On Thu, May 25, 2023 at 12:43 PM Dongjoon Hyun
 wrote:
>
> +1 for starting on a separate repo.
>
> Dongjoon.
>
> On Thu, May 25, 2023 at 9:53 AM yangjie01 
wrote:
>>
>> +1 on start this with a separate repo.
>>
>> Which new clients can be placed in the main repo should be
discussed after they are mature enough,
>>
>>
>>
>> Yang Jie
>>
>>
>>
>> 发件人: Denny Lee 
>> 日期: 2023年5月24日 星期三 21:31
>> 收件人: Hyukjin Kwon 
>> 抄送: Maciej , "dev@spark.apache.org"

>> 主题: Re: [CONNECT] New Clients for Go and Rust
>>
>>
>>
>> +1 on separate repo allowing different APIs to run at different
speeds and ensuring they get community support.
>>
>>
>>
>> On Wed, May 24, 2023 at 00:37 Hyukjin Kwon
 wrote:
>>
>> I think we can just start this with a separate repo.
>> I am fine with the second option too but in this case we would
have to triage which language to add into the main repo.
>>
>>
>>
>> On Fri, 19 May 2023 at 22:28, Maciej 
wrote:
>>
>> Hi,
>>
>>
>>
>> Personally, I'm strongly against the second option and have
some preference towards the third one (or maybe a mix of the first
one and the third one).
>>
>>
>>
>> The project is already pretty large as-is and, with an
extremely conservative approach towards removal of APIs, it only
tends to grow over time.

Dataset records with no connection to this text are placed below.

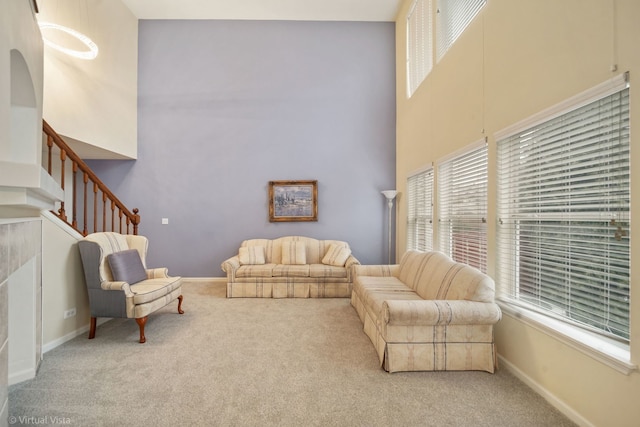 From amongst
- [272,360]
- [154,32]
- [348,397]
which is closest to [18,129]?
[272,360]

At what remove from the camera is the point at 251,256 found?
505 cm

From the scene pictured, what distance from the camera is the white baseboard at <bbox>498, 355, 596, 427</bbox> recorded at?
1.77m

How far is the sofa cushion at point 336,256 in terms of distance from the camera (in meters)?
4.91

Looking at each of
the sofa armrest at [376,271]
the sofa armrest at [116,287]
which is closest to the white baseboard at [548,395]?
the sofa armrest at [376,271]

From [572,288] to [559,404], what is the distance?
0.75 meters

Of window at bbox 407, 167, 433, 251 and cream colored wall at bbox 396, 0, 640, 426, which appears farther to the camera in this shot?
window at bbox 407, 167, 433, 251

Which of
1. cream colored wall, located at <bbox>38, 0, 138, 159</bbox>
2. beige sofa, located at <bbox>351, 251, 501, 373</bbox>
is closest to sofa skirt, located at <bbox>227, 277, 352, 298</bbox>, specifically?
beige sofa, located at <bbox>351, 251, 501, 373</bbox>

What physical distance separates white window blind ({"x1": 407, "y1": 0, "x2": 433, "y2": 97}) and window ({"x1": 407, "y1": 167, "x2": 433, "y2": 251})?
1.50 meters

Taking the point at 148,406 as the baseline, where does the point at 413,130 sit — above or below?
above

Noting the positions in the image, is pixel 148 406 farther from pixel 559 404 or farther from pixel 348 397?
pixel 559 404

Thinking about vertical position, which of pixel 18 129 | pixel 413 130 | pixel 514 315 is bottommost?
pixel 514 315

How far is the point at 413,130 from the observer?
4.78 metres

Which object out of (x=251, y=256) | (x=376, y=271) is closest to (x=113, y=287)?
(x=251, y=256)

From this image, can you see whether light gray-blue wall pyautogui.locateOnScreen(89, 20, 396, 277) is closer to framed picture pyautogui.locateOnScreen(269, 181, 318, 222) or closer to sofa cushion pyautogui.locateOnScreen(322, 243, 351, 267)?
framed picture pyautogui.locateOnScreen(269, 181, 318, 222) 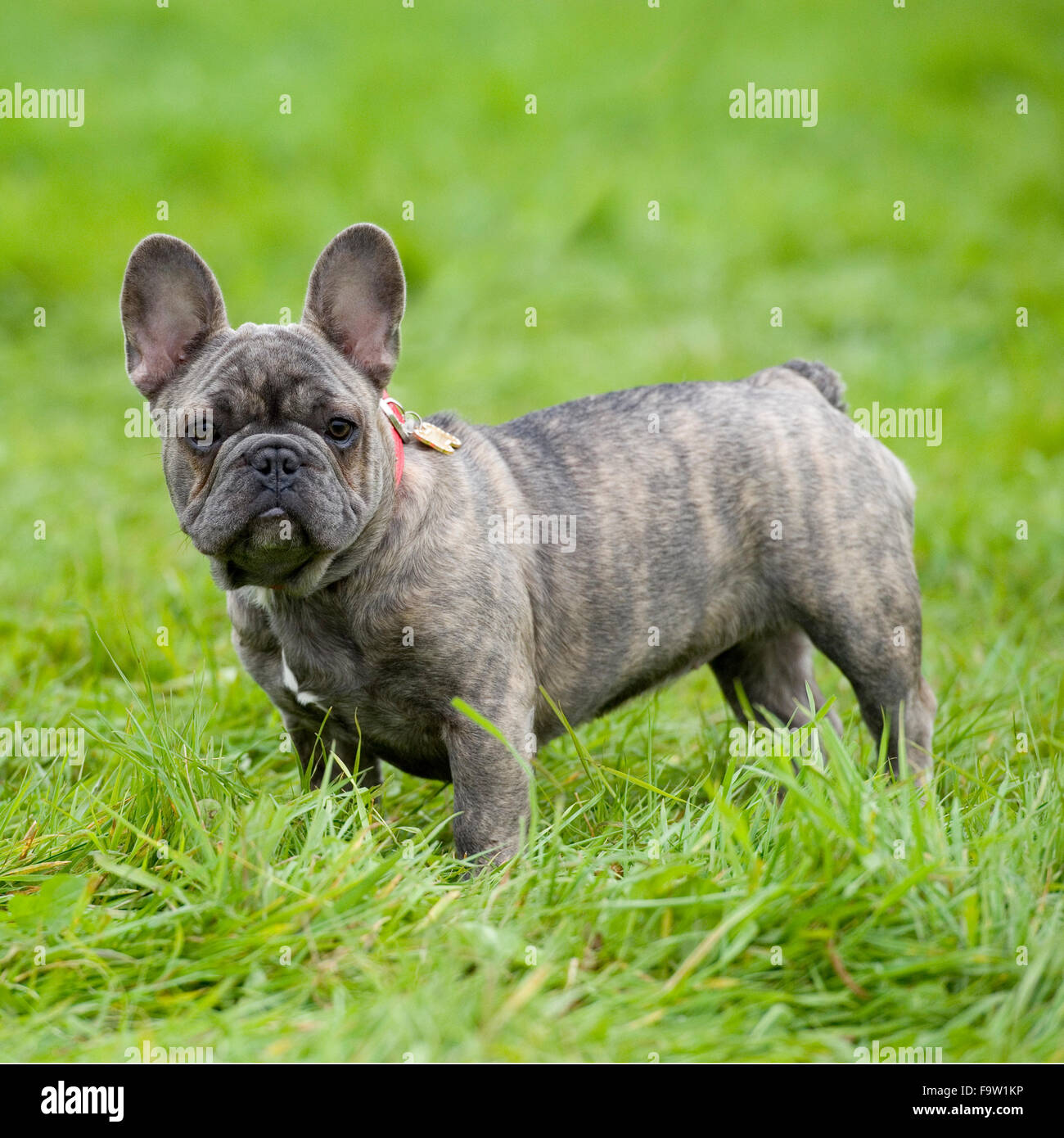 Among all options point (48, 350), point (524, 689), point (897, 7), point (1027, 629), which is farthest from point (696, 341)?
point (897, 7)

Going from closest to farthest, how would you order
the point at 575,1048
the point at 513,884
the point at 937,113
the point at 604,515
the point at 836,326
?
the point at 575,1048 < the point at 513,884 < the point at 604,515 < the point at 836,326 < the point at 937,113

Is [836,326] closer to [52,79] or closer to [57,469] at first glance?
[57,469]

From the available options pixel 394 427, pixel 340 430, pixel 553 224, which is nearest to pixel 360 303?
pixel 394 427

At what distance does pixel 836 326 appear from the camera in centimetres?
1095

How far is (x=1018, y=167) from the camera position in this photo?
13.9 m

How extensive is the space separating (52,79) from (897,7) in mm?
9922

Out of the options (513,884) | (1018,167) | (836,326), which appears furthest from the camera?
(1018,167)

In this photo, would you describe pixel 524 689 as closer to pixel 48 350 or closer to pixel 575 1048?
pixel 575 1048

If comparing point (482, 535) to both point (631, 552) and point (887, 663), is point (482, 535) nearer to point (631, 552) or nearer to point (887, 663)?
point (631, 552)

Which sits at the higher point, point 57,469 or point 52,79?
point 52,79

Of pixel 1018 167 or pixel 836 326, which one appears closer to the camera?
pixel 836 326

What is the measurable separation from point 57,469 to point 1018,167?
10561 mm

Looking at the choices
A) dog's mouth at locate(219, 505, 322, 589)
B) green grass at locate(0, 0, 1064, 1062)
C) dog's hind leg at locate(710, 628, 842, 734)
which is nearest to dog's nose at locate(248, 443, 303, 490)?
dog's mouth at locate(219, 505, 322, 589)

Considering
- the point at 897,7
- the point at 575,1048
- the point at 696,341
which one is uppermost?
the point at 897,7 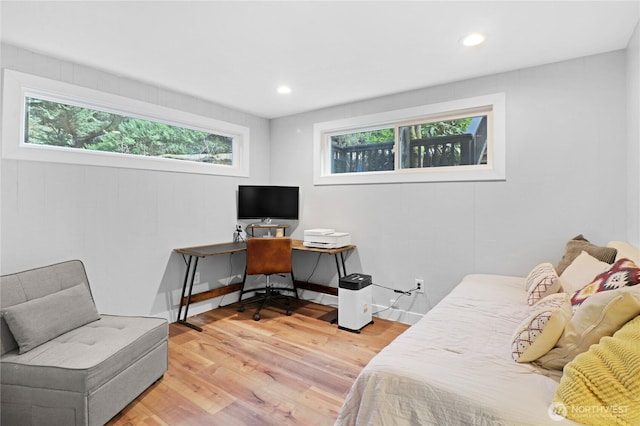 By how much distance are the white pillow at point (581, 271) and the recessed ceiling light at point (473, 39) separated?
5.25 ft

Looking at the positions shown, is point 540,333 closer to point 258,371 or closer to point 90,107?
point 258,371

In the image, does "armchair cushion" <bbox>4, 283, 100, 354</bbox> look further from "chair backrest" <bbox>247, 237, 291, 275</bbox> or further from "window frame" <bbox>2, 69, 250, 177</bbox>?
"chair backrest" <bbox>247, 237, 291, 275</bbox>

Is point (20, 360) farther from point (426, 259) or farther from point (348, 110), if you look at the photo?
point (348, 110)

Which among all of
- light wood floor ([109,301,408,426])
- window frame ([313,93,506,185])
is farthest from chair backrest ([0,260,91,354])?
window frame ([313,93,506,185])

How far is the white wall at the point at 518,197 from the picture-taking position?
8.07 feet

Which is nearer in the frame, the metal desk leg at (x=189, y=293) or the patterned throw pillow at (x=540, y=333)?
the patterned throw pillow at (x=540, y=333)

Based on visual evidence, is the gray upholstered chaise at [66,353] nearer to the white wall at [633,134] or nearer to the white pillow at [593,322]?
the white pillow at [593,322]

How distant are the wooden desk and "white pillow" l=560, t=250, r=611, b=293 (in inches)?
76.6

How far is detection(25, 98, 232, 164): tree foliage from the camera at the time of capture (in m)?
2.59

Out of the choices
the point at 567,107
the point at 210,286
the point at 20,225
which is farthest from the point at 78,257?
the point at 567,107

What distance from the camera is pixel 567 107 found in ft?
8.49

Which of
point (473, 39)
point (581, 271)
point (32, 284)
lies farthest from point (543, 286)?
point (32, 284)

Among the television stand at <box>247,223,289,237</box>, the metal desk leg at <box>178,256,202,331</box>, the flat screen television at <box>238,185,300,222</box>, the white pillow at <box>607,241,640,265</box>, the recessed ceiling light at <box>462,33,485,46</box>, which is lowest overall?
the metal desk leg at <box>178,256,202,331</box>

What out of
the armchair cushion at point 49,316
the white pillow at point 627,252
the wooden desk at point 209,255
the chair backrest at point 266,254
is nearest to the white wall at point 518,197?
the wooden desk at point 209,255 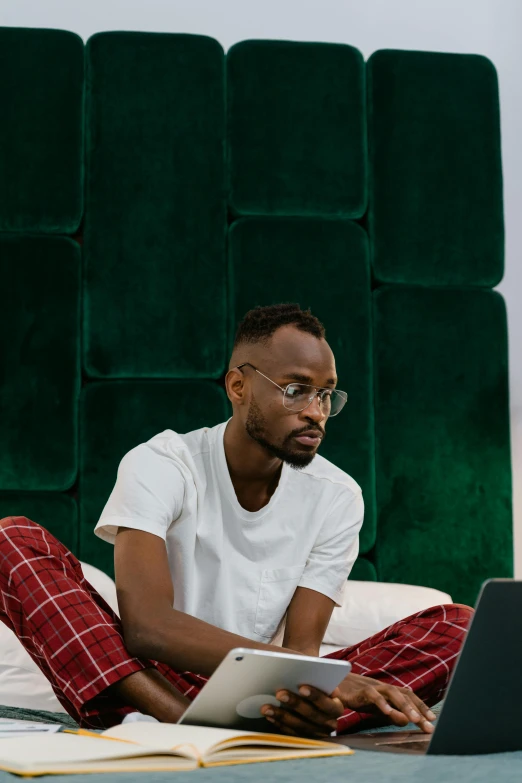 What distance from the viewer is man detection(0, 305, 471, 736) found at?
58.1 inches

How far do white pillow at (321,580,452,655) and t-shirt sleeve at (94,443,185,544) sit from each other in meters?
0.62

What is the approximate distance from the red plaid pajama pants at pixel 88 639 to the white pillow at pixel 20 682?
12.9 inches

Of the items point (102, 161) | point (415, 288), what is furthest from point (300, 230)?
point (102, 161)

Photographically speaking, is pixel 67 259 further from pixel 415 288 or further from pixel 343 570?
pixel 343 570

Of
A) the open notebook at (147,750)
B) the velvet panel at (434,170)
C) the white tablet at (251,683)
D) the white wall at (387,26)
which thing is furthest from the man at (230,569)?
the white wall at (387,26)

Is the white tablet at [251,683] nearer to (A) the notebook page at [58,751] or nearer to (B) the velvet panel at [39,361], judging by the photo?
(A) the notebook page at [58,751]

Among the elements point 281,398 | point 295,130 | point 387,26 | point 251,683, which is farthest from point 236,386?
point 387,26

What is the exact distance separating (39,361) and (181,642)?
4.36 ft

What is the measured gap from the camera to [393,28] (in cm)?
298

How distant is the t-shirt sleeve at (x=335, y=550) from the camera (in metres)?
1.84

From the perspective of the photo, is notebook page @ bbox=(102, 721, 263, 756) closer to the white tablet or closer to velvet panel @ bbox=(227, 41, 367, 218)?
the white tablet

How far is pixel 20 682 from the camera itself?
6.34 feet

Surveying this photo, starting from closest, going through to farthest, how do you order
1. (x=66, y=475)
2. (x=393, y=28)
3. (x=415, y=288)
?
(x=66, y=475), (x=415, y=288), (x=393, y=28)

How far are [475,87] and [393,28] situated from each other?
0.32 metres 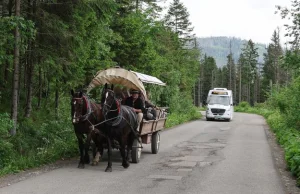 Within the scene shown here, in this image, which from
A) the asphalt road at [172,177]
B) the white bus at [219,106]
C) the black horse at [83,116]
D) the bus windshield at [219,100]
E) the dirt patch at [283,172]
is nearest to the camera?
the asphalt road at [172,177]

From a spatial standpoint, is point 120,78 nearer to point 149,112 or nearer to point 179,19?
point 149,112

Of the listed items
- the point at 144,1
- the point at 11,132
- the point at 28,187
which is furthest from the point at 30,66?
the point at 144,1

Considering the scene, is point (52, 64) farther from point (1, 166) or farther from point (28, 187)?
point (28, 187)

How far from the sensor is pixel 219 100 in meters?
34.5

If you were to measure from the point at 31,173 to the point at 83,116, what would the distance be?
1.91m

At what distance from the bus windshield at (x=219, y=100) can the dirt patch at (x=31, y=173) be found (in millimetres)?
24374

Making it even larger is not going to
make things more maintainable and is likely to create an entry
barrier for new contributors (that's similar to Jia's arguments).
>>
>>
>>
>> Moreover, we've seen quite a few different language clients
over the years and all but one or two survived while none is
particularly active, as far as I'm aware.  Taking responsibility
for more clients, without being sure that we have resources to
maintain them and there is enough community around them to make
such effort worthwhile, doesn't seem like a good idea.
>>
>>
>>
>> --
>>
>> Best regards,
>>
>> Maciej Szymkiewicz
>>
>>
>>
>> Web: https://zero323.net
>>
>> PGP: A30CEF0C31A501EC
>>
>>
>>
>>
>>
>> On 5/19/23 14:57, Jia Fan wrote:
>>
>> Hi,
>>
>>
>>
>> Thanks for contribution!
>>
>> I prefer (1). There are some reason:
>>
>>
>>
>> 1. Different repository can maintain independent versions,
different release times, and faster bug fix releases.
>>
>>
>>
>> 2. Different languages have different build tools. Putting them
in one repository will make the main repository more and more
complicated, and it will become extremely difficult to perform a
complete build in the main repository.
>>
>>
>>
>> 3. Different repository will make CI configuration and execute
easier, and the PR and commit lists will be clearer.
>>
>>
>>
>> 4. Other repository also have different client to governed,
like clickhouse. It use different repository for jdbc, odbc, c++.
Please refer:
>>
>> https://github.com/ClickHouse/clickhouse-java
>>
>> https://github.com/ClickHouse/clickhouse-odbc
>>
>> https://github.com/ClickHouse/clickhouse-cpp
>>
>>
>>
>> PS: I'm looking forward to the javascript connect client!
>>
>>
>>
>> Thanks Regards
>>
>> Jia Fan
>>
>>
>>
>> Martin Grund  于2023年5月19日周五 20:03写道:
>>
>> Hi folks,
>>
>>
>>
>> When Bo 

Re: [DISCUSS] Add SQL functions into Scala, Python and R API

2023-05-26 Thread Maciej
Weren't some of these functions provided only for compatibility  and 
intentionally left out of the language APIs?


--
Best regards,
Maciej

On 5/25/23 23:21, Hyukjin Kwon wrote:
I don't think it'd be a release blocker .. I think we can implement 
them across multiple releases.


On Fri, May 26, 2023 at 1:01 AM Dongjoon Hyun 
 wrote:


Thank you for the proposal.

I'm wondering if we are going to consider them as release blockers
or not.

In general, I don't think those SQL functions should be available
in all languages as release blockers.
(Especially in R or new Spark Connect languages like Go and Rust).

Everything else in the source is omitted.